This Spring, we discovered that a family of squirrels were living under our deck. We counted 5 tiny baby squirrels and as they began to explore the yard, the pond, and the planting barrels at the edge of the deck, we took pictures and left peanuts and strawberries for the babies and cooed when they came out and nibbled our treats. As I’ve mentioned before, we are weak links on the food chain. If something is hungry or even looks a little scrawny or just plain cute, we feed it. It’s a bad habit. We know it, but we can’t seem to help it.
So, they got bigger as babies do and they became more brave and then … they began to mow. everything. down.
Marigolds, purple petunias, red begonias … all my early summer plantings have been demolished. Seriously, they ate the marigolds! The deer don’t even eat the marigolds. Those are supposed to be ‘safe’ flowers because they are kind of stinky.

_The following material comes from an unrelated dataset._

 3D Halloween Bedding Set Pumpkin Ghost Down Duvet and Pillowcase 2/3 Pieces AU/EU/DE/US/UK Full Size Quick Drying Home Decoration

So, I did what any writer would do and turned to my bookcase. What the heck can I do to get these cute creatures to stop eating all my pretty flowers? I read Squirrel Wars, a book that my Mom had given Stephen a few years ago and that basically told me I should learn to live with them.
I remembered my neighbor said he used to trap them and release them on the Air Force Academy. Of course, he and his trap have moved to North Carolina, so that’s not much help right now.
I turned to the Internet and read that hot pepper may burn their eyes and paws, so I am uncomfortable with that. I read some people shoot them with a pellet gun, but I can’t even imagine doing anything like that. I read that cats will chase them off, but I live in coyote territory and would prefer to keep my kitties safe in the house.
So, I’ve resorted to bribing them.
Here’s my plan: if I leave apple cores and watermelon rinds and strawberry tops on the dirt in one of the barrels each day, then will you please leave my flowers alone?
I’ll keep you posted.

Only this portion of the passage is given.